‘Drop House’ Spurs Arrests
Two Guatemalan men were charged Thursday with harboring illegal immigrants after federal authorities discovered 25 Central and South American migrants crowded inside a “drop house” near downtown Riverside.
The migrants had been smuggled into the United States and were being held hostage until family members paid off their debts, authorities said.
They had been held for more than a month and had been prevented from leaving by a deadbolt on an upstairs door and bars on the bedroom windows.
“These smugglers are not do-gooders,” said Virginia Kice, a spokeswoman for U.S. Immigration and Customs Enforcement. “They are in this for one reason and one reason only, and that’s the money.”
Migrants told federal agents that the journeys from their countries cost as much as $10,000. The migrants said that they were fed only once a day, that they were crammed into two bedrooms and that the guards threatened them repeatedly with a machete.
The Brockton Avenue house, which was decorated with Christmas lights, was discovered Wednesday after agents received a tip from a friend of one of the migrants.
The friend told authorities that he had sent $5,000 via wire transfer, but that the smugglers were demanding an additional $5,000.
Among those detained were 15 migrants from Guatemala, seven from Ecuador and three from El Salvador.
Authorities are interviewing the detainees and determining which to designate as material witnesses.
Those migrants will be allowed to stay in the United States temporarily to help with the prosecution. The others will be placed in deportation proceedings.
Agents seized accounting ledgers at the house and are continuing the investigation.
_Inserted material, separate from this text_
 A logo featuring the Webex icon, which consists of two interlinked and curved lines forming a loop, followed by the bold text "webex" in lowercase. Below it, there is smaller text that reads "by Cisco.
Kice said that the two Guatemalan men -- Rodolfo Miguel Alvares-Mendoza, 20, and Carlos Andres-Antonio, 19, -- were the “enforcers,” but that probably others were running the smuggling operation.
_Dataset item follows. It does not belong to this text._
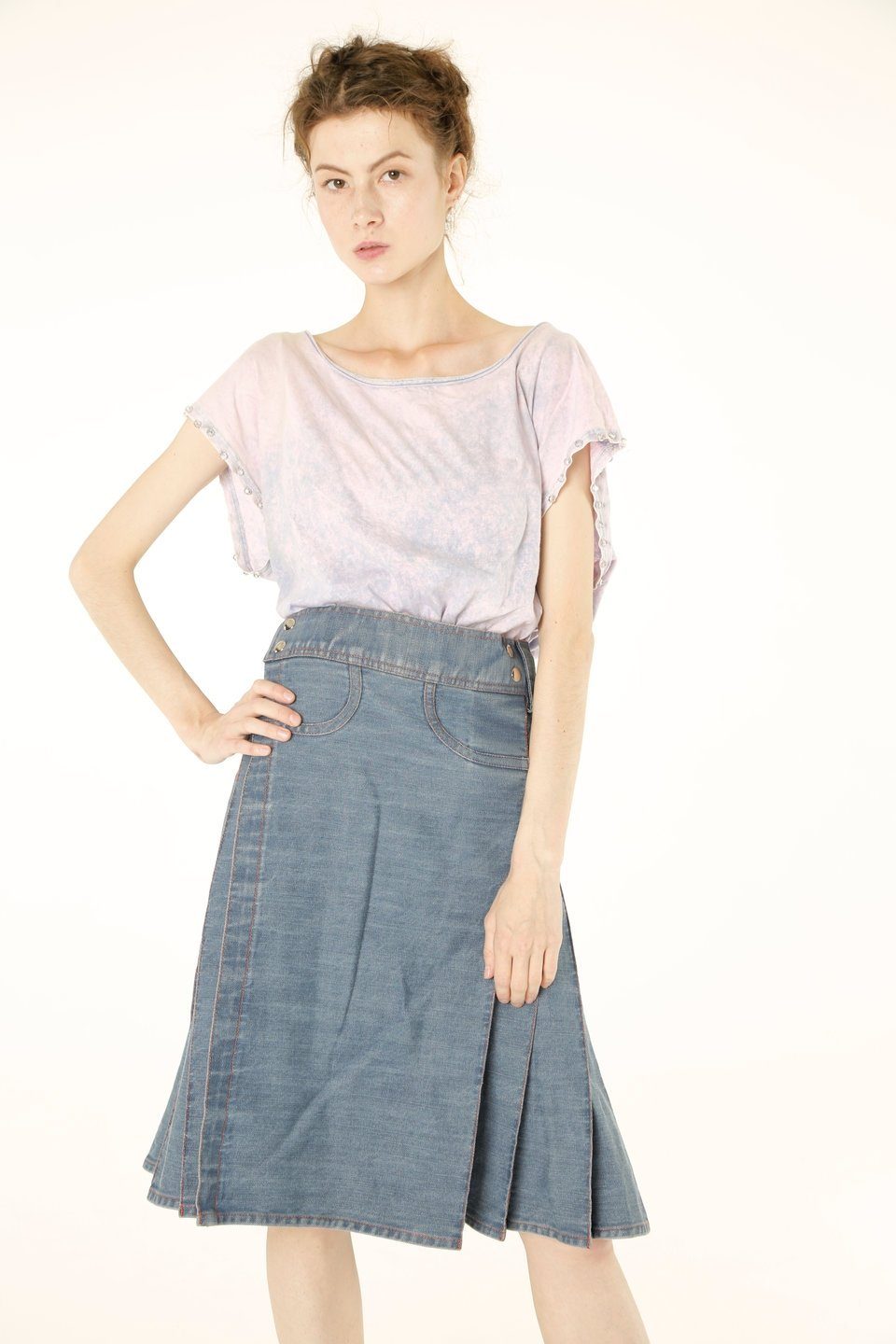 Denim Pleated Midi/Maxi Skirt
“We want to do everything we can to identify people further up in the organization,” she said.
Christian Ramirez, San Diego director of the American Friends Service Committee, said smuggling drop houses are becoming a common occurrence along the border and in Southern California.
“We are seeing more violent smugglers operating on the border,” Ramirez said, “running these kind of safe houses where people are essentially kidnapped and held ransom.”